Следует, однако, различать в причинении конечного и контингентного сущего первую и вторую причины. Все становление, всякое изменение подлежит различным причинам, которые сами опять-таки контингентны, следовательно суть причиненные. Уже Аристотель показал, что бесконечный ряд причин ничего не объясняет, лишь переносит объяснение в бесконечное, если не предполагается некая первая причина (causa prima). Сущность причинного воздействия состоит в том, что оно, действуя, причиняет, порождает бытие или определение бытия. Конечное, само контингентное сущее действует как вторая причина (causa secunda), имеющая важное значение во взаимосвязи действий. Однако ее действие всегда уже предполагает действительное, «к чему» она нечто причиняет, «на что» она, изменяя, оформляя или разрушая, воздействует. Это никогда не есть действие, касающееся бытия сущего. Таким может быть лишь действие, которое может порождать бытие как бытие, полагать сущее как сущее (sub ratione entis), стало быть, имеет могущество над бытием. Это может быть лишь «само бытие», которое, как «первая причина», сущностно возвышается над «вторыми причинами» и придает им действующую силу. И поэтому ее нельзя понимать так, будто она, «наряду со» вторыми причинами, наравне с ними вмешивается в ход мировых событий; это следует понимать только так, что она действует в естественных событиях «через» вторые причины и благодаря последним действует в мире «опосредствованно».
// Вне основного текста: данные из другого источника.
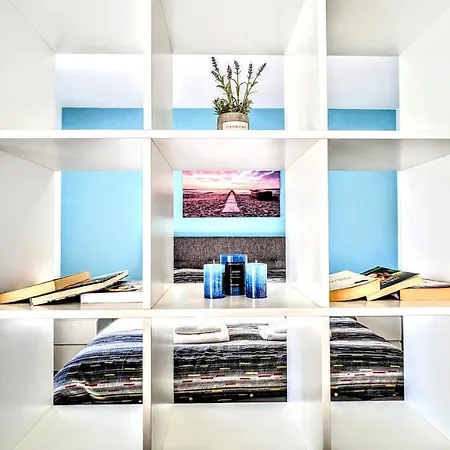 Apartman Blue Lagoon 150m-2 Minuta Hoda Od Centra, Mogucnost Za Parking-apartmani-nsmilos *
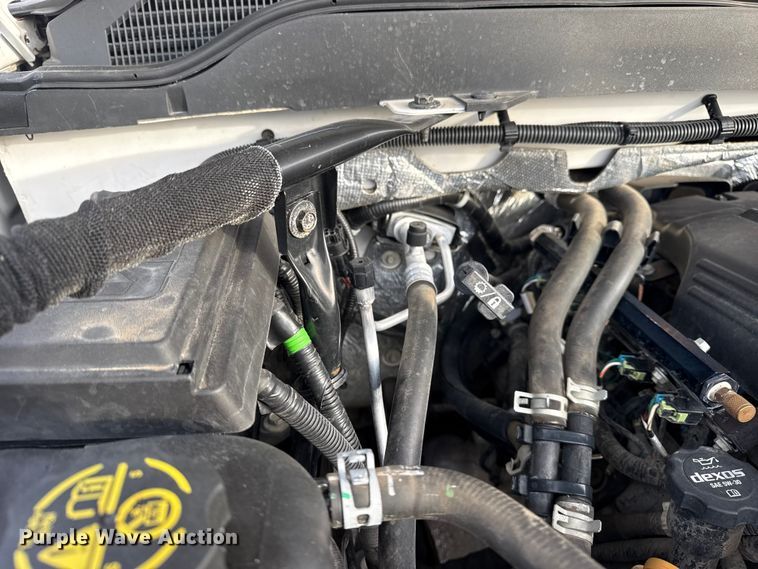 image for item EG1862 2016 Chevrolet 2500HD Double Cab utility bed pickup truck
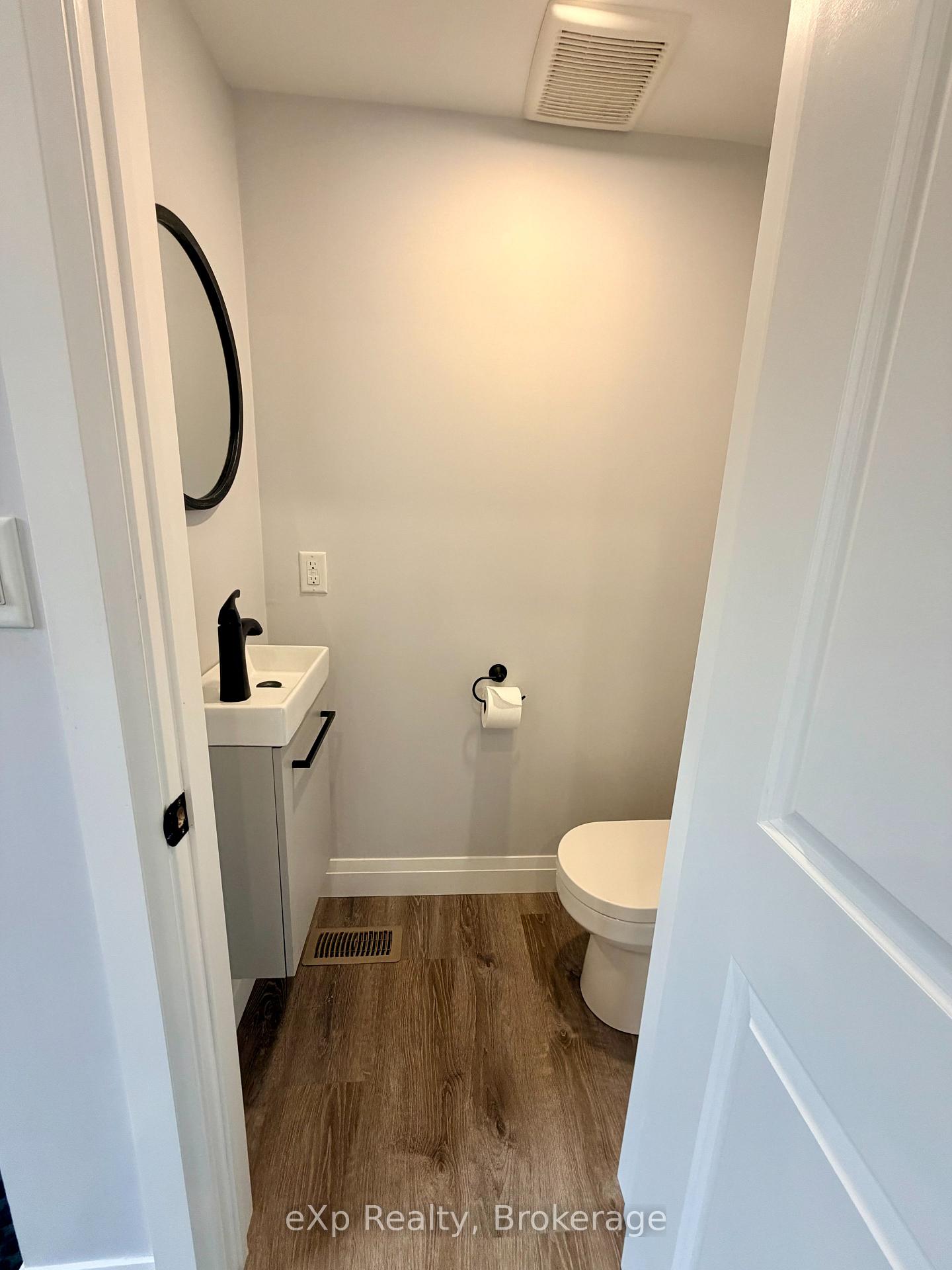 218 2nd Avenue E, Owen Sound — photo 5 of 5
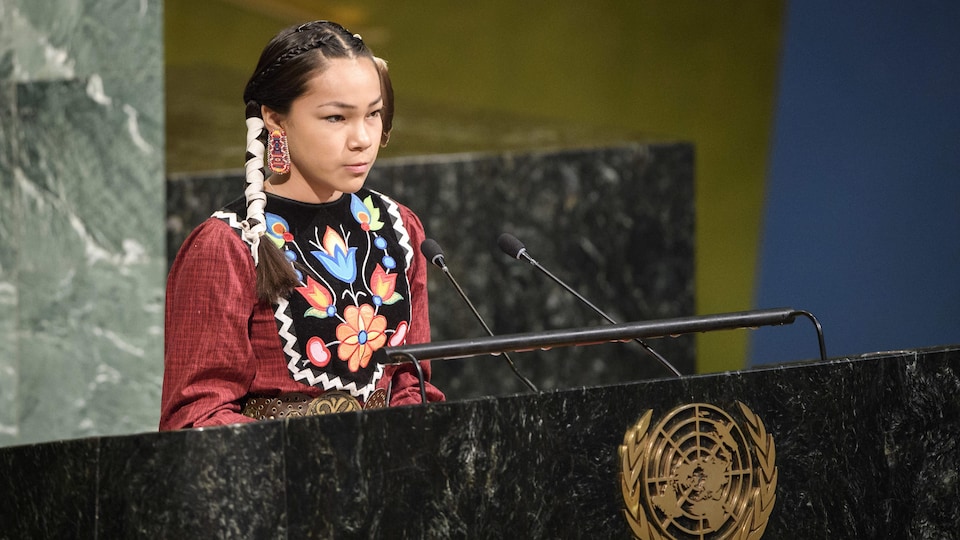 Autumn Peltier, 13 ans, une Anishinaabe de l'Ontario, prend la parole à l'Assemblée générale pour le lancement de la Décennie internationale d'action sur l'eau pour le développement durable, le jeudi 22 mars 2018, à New York.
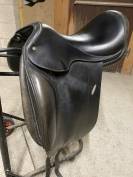 Selle de dressage Jump In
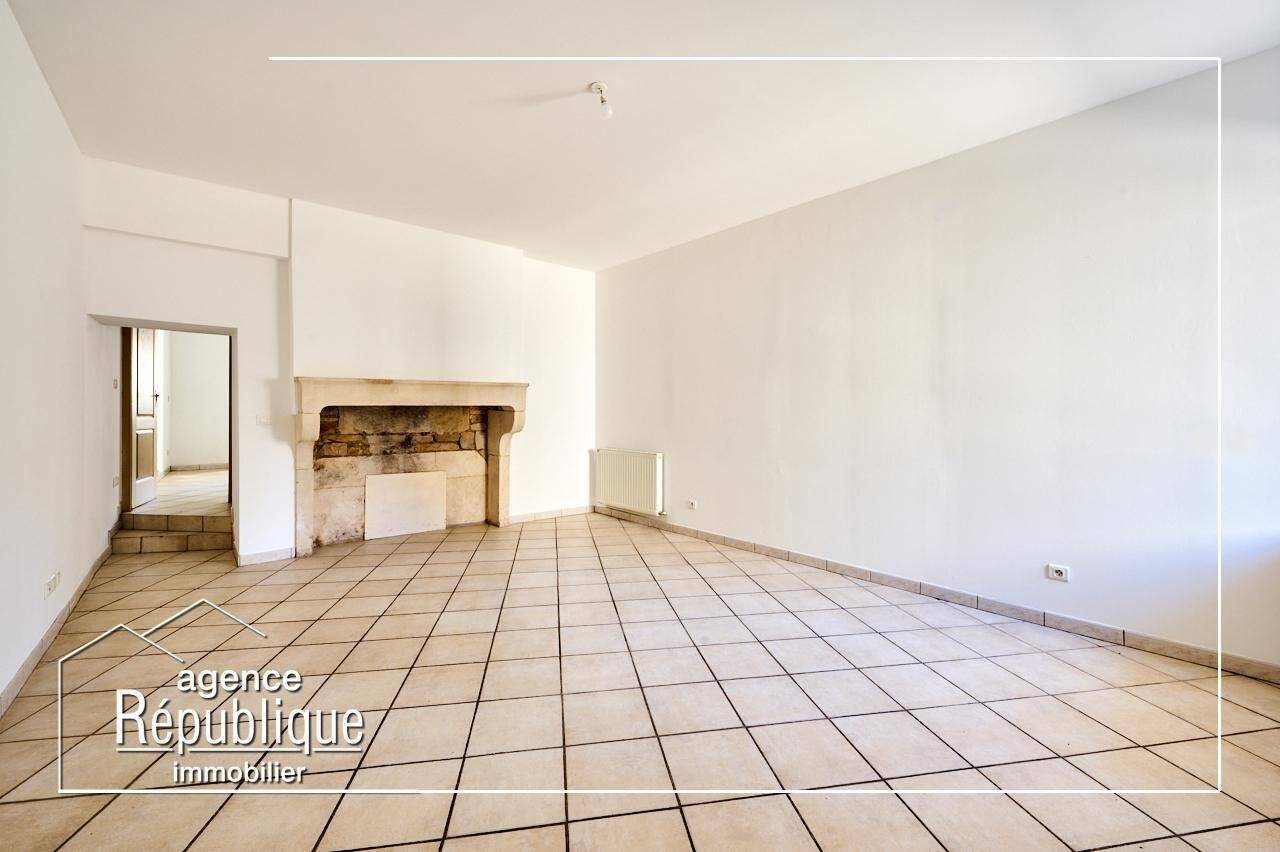 Maison à louer, 115m², Chaignay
Иногда выдвигается возражение, что понятие причинности неприменимо к отношению между Богом и миром (напр. Хенгстенберг). В основании этих сомнений лежит слишком тесное, даже исключительное привязывание к естественнонаучному понятию причинности, которое вряд ли вообще схватывает онтологическую причинность в смысле причиняющего порождения или сообщения некоей действительности бытия, не растворяясь в чисто функциональном отношении; при этом творящее действие Бога не может быть постигнуто.
Если же причинность понимают онтологически, то в приведенном возражении остается правильным то, что между конечным и бесконечным действиями имеется существеннейшее, даже бесконечное, различие, и потому творяще-продуктивное действие мы мыслим лишь аналогически, а не адекватно-понятийно. С другой стороны, понятие причинности, если мы видим в нем также «сообщение бытия» как причиняющее полагание бытия, осуществлено лишь в творящем действии Бога – «causa prima» в первом и полнейшем смысле, а во всяком конечном действии – лишь в аналогически производном, конечно ограниченном смысле. Поэтому уразумение принципа причинности, по сути, есть уже уразумение контингенции и сотворенности мира благодаря первой, превосходящей все конечное причине, благодаря Богу как абсолютному бытию, всемогущему Творцу мира.